Jiaquan He

Tsinghua University

OSCenter

A graduate student

Reusing Linux Device Driver in OSV

← back

I still cannot figure out all the details how the linux drivers work.

And OSV kernel is not simple.

Tough days start from now on.

Working report

Now, Linux virtio block and net drivers has been copied to the OSV source. And with the help of DDE (Device Driver Environment), compiling and linking is not a problem now, i.e. the syntax problem is solved.

But the sematic problem puzzles me. As the OSV initialization goes on, page fauls and lock errors follows. That must be the problem that OSV's kernel has too many assumptions for its drivers, while the ported Linux drivers violates them.

Working report

After analysing the codes, I try the simple case that only the Linux virtio block device is used in OSV, and it crashes sometimes.

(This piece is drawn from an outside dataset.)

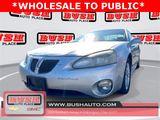 Used 2006 Pontiac Grand Prix GT w/ Sun And Sound Package image 2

I found that while thread A is doing something on the mempool (alloc or free), an interrupt is fired and the interrupt routine also performs some operations on the mempool.

OSV's mempool management doesn't provide enough protection in such case.

Working report

The backtrace while OSV aborts indicates that the error arises in the function free in core/mempool.cc. So why not have a look at the codes there.

void pool::free(void* object)
{
    trace_pool_free(this, object);
    WITH_LOCK(preempt_lock) {

        free_object* obj = static_cast<free_object*>(object);
        page_header* header = to_header(obj);
        unsigned obj_cpu = header->cpu_id;
        unsigned cur_cpu = mempool_cpuid();

        if (obj_cpu == cur_cpu) {
            // free from the same CPU this object has been allocated on.
            free_same_cpu(obj, obj_cpu);
        } else {
            // free from a different CPU. we try to hand the buffer
            // to the proper worker item that is pinned to the CPU that this buffer
            // was allocated from, so it'll free it.
            // assert(arch::irq_enabled());
            free_different_cpu(obj, obj_cpu);
        }
    }
}

When free is called, the object to be reclaimed may be owned by the current cpu or another one. So OSV mempool perform this action in two ways, in free_samp_cpu and free_different_cpu.

And as we can see, the operation in either case is protected by a preempt lock, which means that, during the freeing process, preempt is disabled.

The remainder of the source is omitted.